What you are asked to do
No picture belongs in the copy. Repeat each line below exactly.

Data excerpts
┄┄┄┄┄┄┄┄┄┄

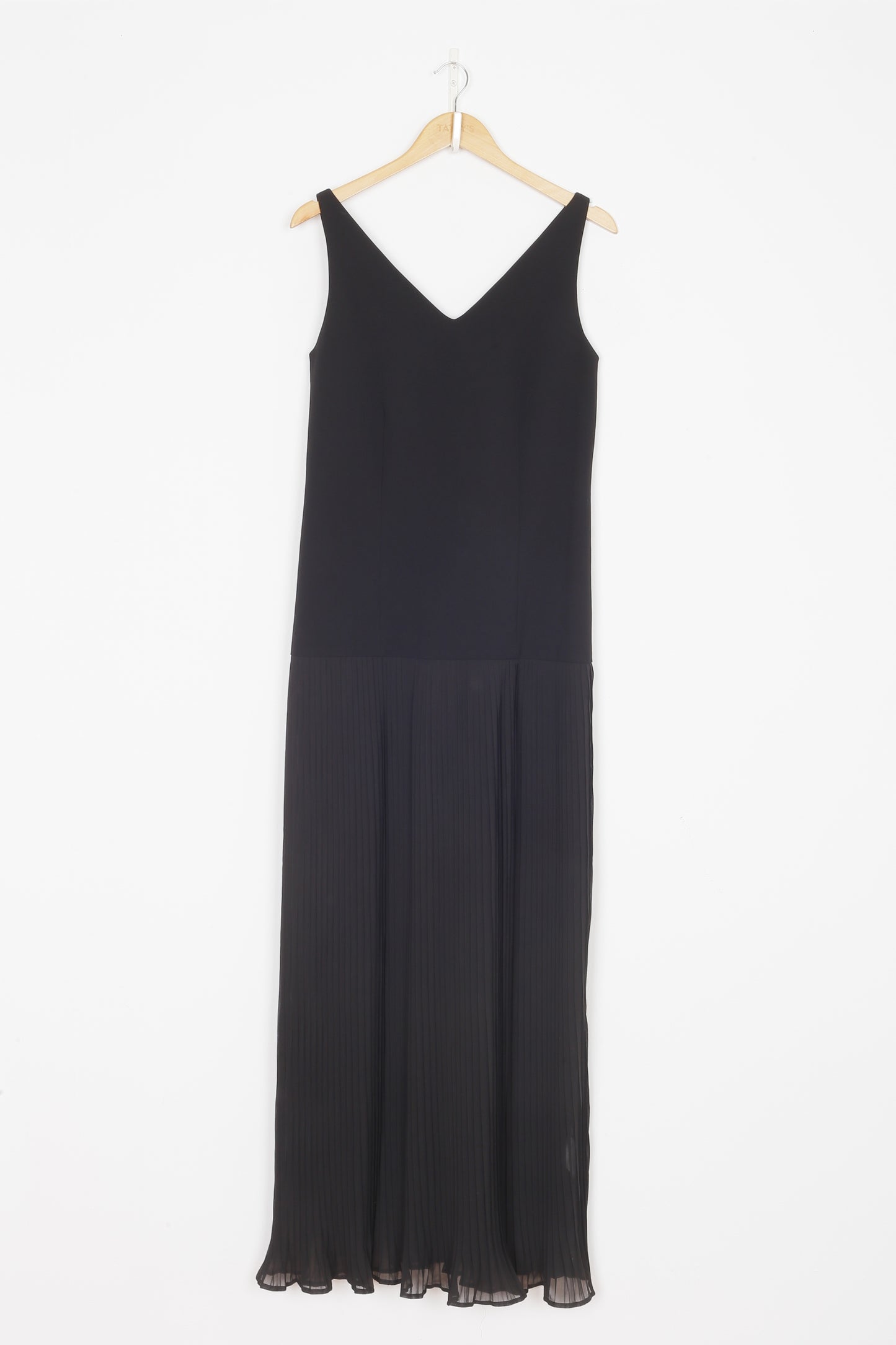 Rebe Womens Black Dress Size S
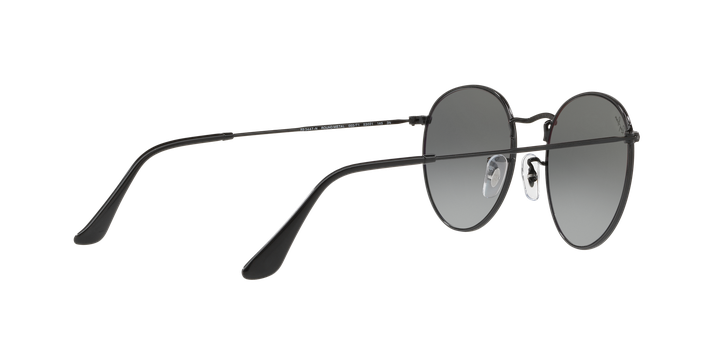 Ray-Ban Round Metal RB3447N 002/71 50-7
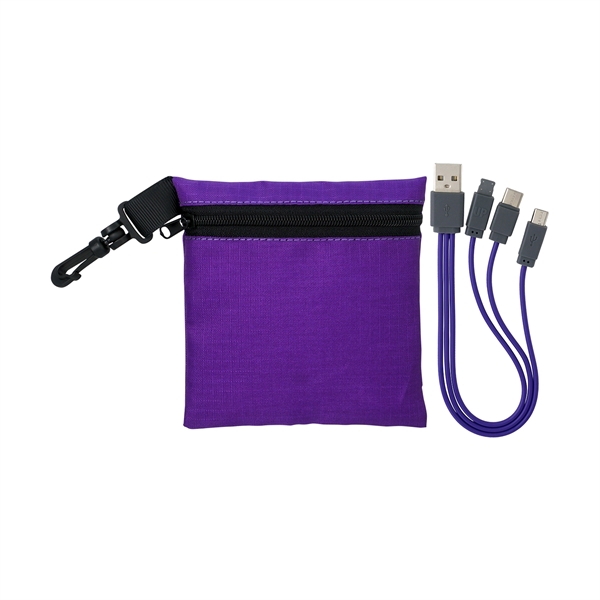 TRENDY TYPE C USB CABLE SET... from ASI 30208 A P Specialties / AP Specialties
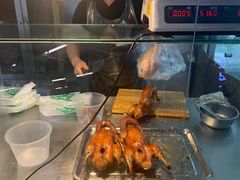 -上海枇杷烤鸭(城乡贸易中心店)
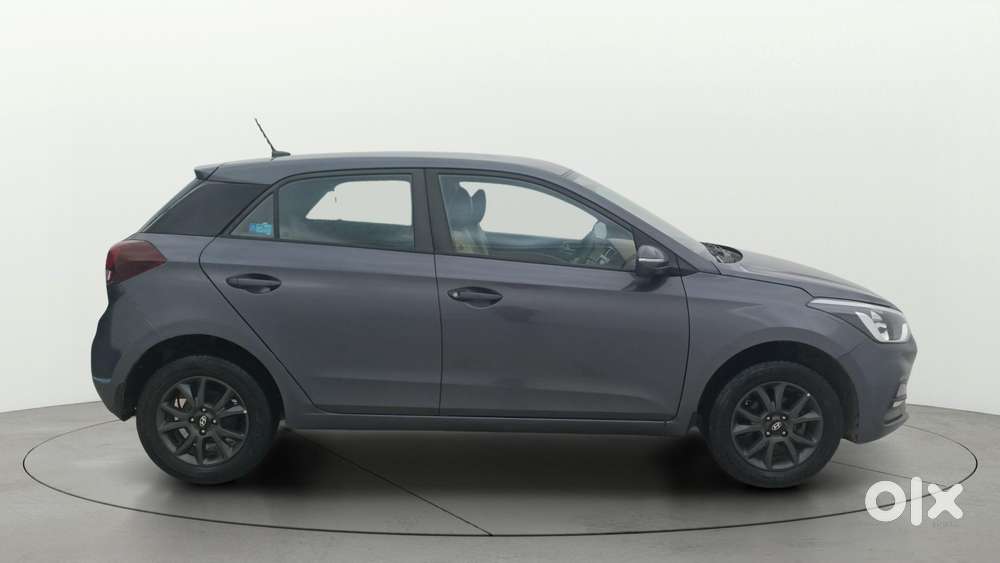 Hyundai Elite I20 Sportz Plus, 2019, Petrol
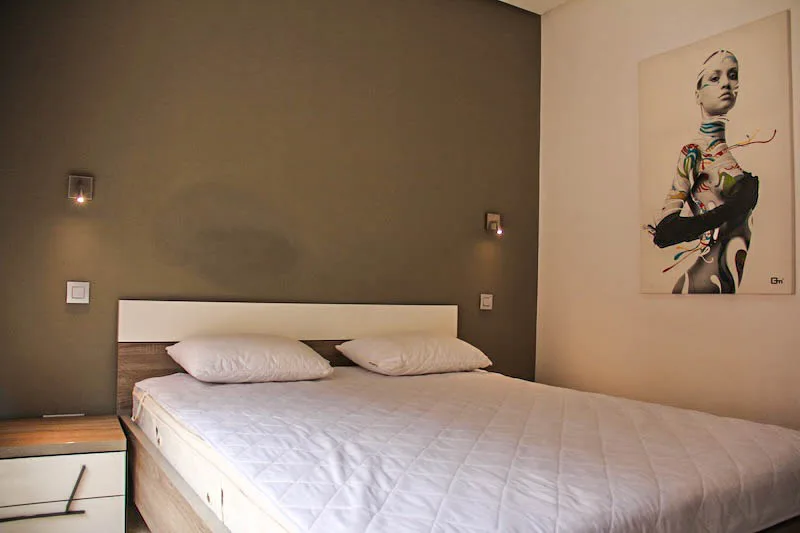 Location appartement Carre Eden Guéliz - Photo 12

┄┄┄┄┄┄┄┄┄┄

The answer
 Rebe Womens Black Dress Size S
 Ray-Ban Round Metal RB3447N 002/71 50-7
 TRENDY TYPE C USB CABLE SET... from ASI 30208 A P Specialties / AP Specialties
 -上海枇杷烤鸭(城乡贸易中心店)
 Hyundai Elite I20 Sportz Plus, 2019, Petrol
 Location appartement Carre Eden Guéliz - Photo 12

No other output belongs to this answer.